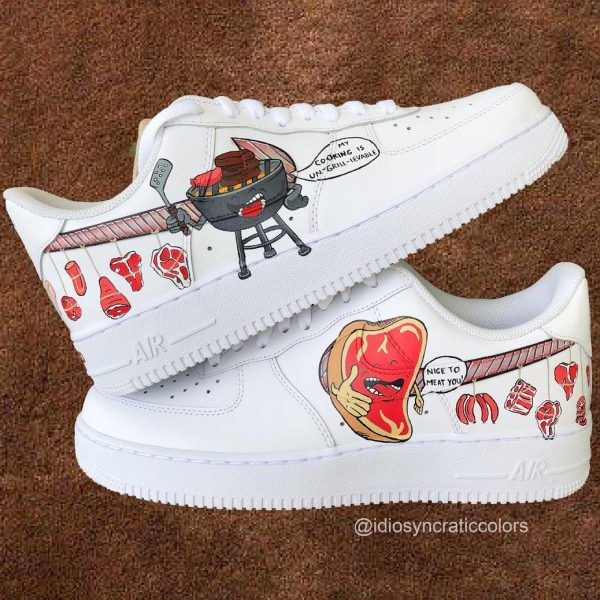 Maestro Parrillero Custom Air Force 1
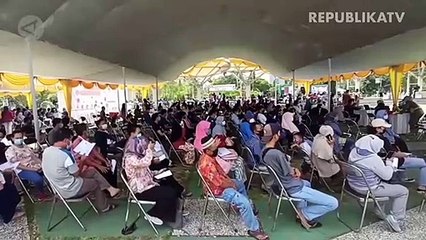 Cilegon Kekurangan Tenaga Medis dan Vaksinator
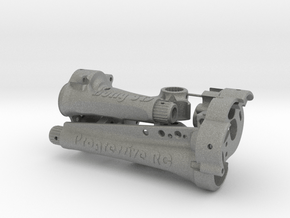 Progressive RC-Bully 3D Rear Axle in Gray PA12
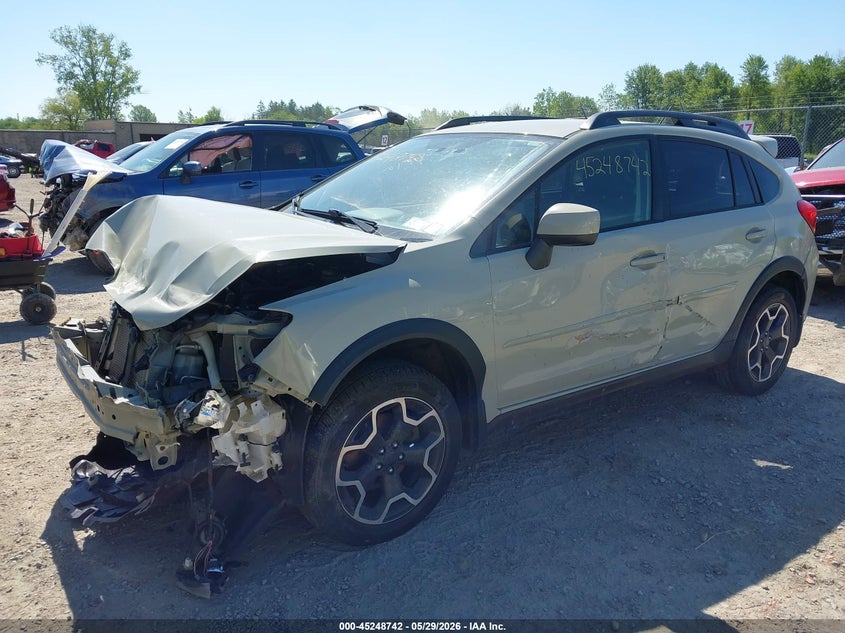 2014 Subaru Xv VIN JF2GPAGCXE8211121 IAAI salvage auction — FRONT END, Salvage Title, sold $425 on 2026-07-09 (photo 2)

::::

## Work required
Would you reproduce the listing above exactly, without any of its images?

## Response
 Maestro Parrillero Custom Air Force 1
 Cilegon Kekurangan Tenaga Medis dan Vaksinator
 Progressive RC-Bully 3D Rear Axle in Gray PA12
 2014 Subaru Xv VIN JF2GPAGCXE8211121 IAAI salvage auction — FRONT END, Salvage Title, sold $425 on 2026-07-09 (photo 2)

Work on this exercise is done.